Identifying possibilities, discussing options and developing a list of sustainable features within a project, is important, but it’s also the “easy” part. The process of determining which features to select is what ultimately establishes what the project will be and where it will lead the agency in the long run. No item is inherently “good” or “bad;” each one will have advantages and disadvantages which can differ greatly depending on the project and its individual parameters. There are four key factors to evaluate in making final decisions on sustainable elements for a project.
1. Committed Client Leadership
Without a strong client, and particularly one serving in a project management role, sustainable design approaches may not succeed. The role of the design team is to develop solutions, educate the client and enable the client to push a project to its highest level. Integrated within that is sustainability. Transportation facilities typically involve multiple levels of approvals, and multiple departments with diverse user group needs. Within that structure, there are inevitably individuals that may need to be educated on the benefits of sustainability and the misconceptions of its costs and/or benefits. These individuals may also need assurances that a sustainable process need not disrupt their operational models or negatively alter the way they conduct business.
A strong client lead that believes in the principles of sustainable design can help educate other team members and assist in making the executive decisions needed to keep the project moving in the right direction.
2. Budget Constraints
In a “perfect world,” cost would not matter. However, this is a luxury transportation agencies simply cannot afford. The cost of implementing a good, sustainable practice can outweigh the benefits of the practice. Often, this can be true in renovations or additions to existing facilities, where new and old have to integrate with one another. Collecting and reusing storm water on site can save considerable utility costs year-over-year, but if the site is not large enough to do this without underground tanks, the cost of the tanks may be prohibitive. Likewise, recycling construction waste or performing additional building commissioning over the first year of the facility are good practices and can yield critical energy source information, but, they cost money to perform and those costs must be evaluated. Every project has a budget, and as the budget is approached and/or surpassed, it may simply not be feasible for the client to pay the initial costs associated with some items, regardless of their long-term benefits. An experienced design team can identify overall project savings to help find room for desired sustainable approaches without a critical loss to facility quality, size or effectiveness.

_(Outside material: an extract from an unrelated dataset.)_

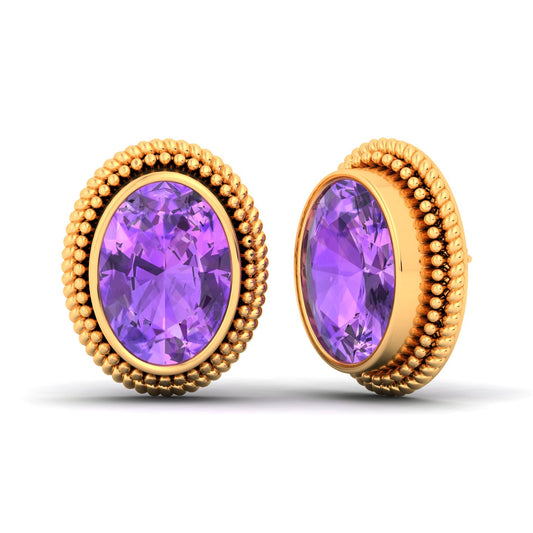 Natural Amethyst AAA Quality Oval 10X14mm Solid Gold Stud Earring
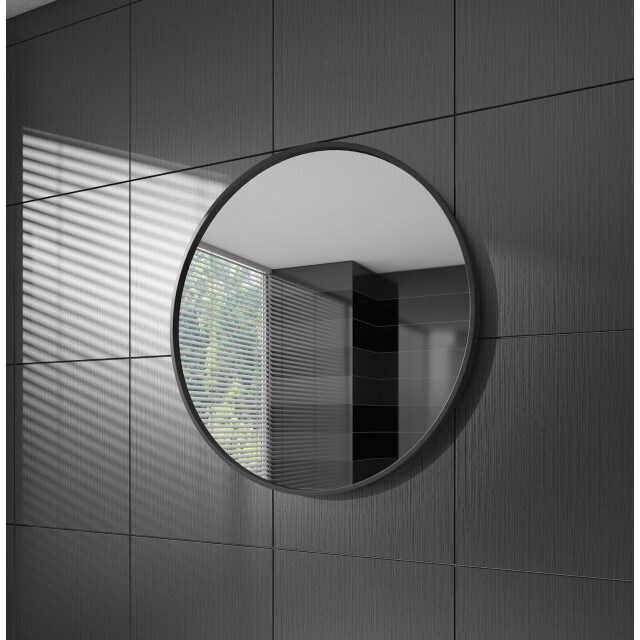 Badplaats Spiegel concave 80 x 80 cm zwart badkamer spiegel rond 3181216 large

3. Lifecycle Cost Analysis
A key element of comprehensive decision-making is developing an understanding of facility life-cycle costs for design items. A simple comparison of first costs, or initial capital investment costs at the time of construction, may not provide a true picture of the “value” to the client for implementing a sustainable design solution. Using life-cycle costing allows the owner to evaluate costs from a more comprehensive viewpoint. There are three primary factors to consider in lifecycle costing.

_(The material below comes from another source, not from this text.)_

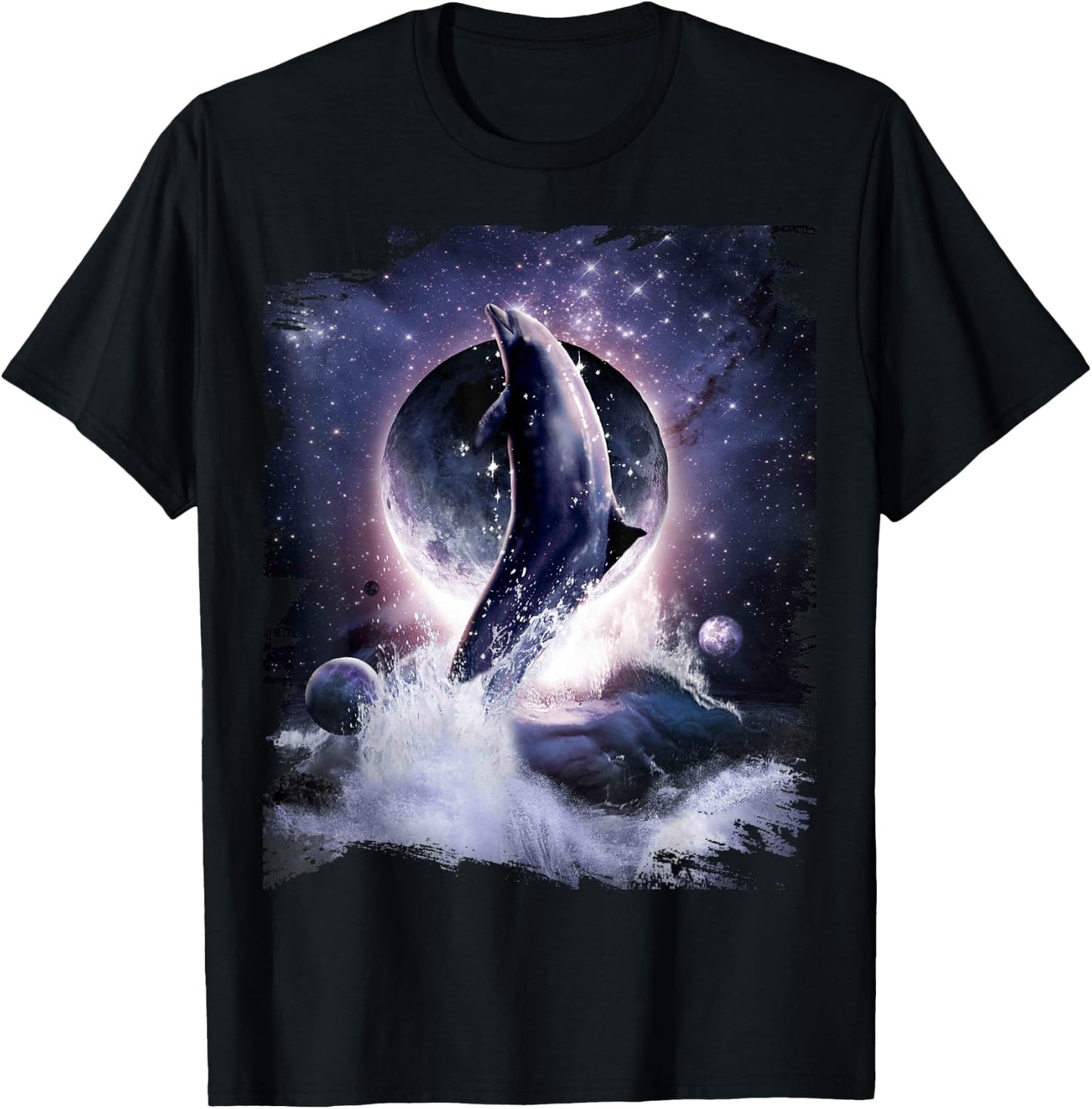 Moon Dolphin Space Galaxy Dolphins T-Shirt - T-Shirt | Black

A. Payback Period vs. First Cost- A good way to understand this is to think of purchasing a new family car. Car A may cost $20,000 initially, while Car B costs $25,000. But, over the 10 years you own the car, the maintenance costs for Car A may be $10,000, whereas the maintenance costs of Car B is only $2,000. Therefore, over the lifecycle of the car, Car B is a better value at $27,000 than Car A is at $30,000. This may be the best reason to use lifecycle cost comparisons in transit facilities, because they tend to be utilized for 30, 40, 50 years, or more by an agency. In some larger cities, there are maintenance and operations facilities that have been operating for 100 years! Sometimes sustainable design solutions are at essentially no additional first cost to the owner. But if the payback for installing, for example, a high-efficiency mechanical system is 3.5 years in comparison to the projected energy savings and a building is projected to operate for 30 years, that means the owner is saving considerable operating funds for 26.5 years. At Division 13, LA Metro chose to invest in a more robust HVAC system, and a storm-water reclamation system which could reclaim as much as 1.9M gallons of storm water per year, at the typical rainfall rates in Los Angeles. The bus wash system internally recycles 70 to 75 percent of its water, leaving an initial fresh water requirement of about 1.3M gallons per year. Whatever remains in the storage tanks could be used for irrigation or grey water needs, so, LA Metro has essentially eliminated the majority of the cost of municipal water to its facility for the lifetime of its use. This is a tangible monetary value to the agency.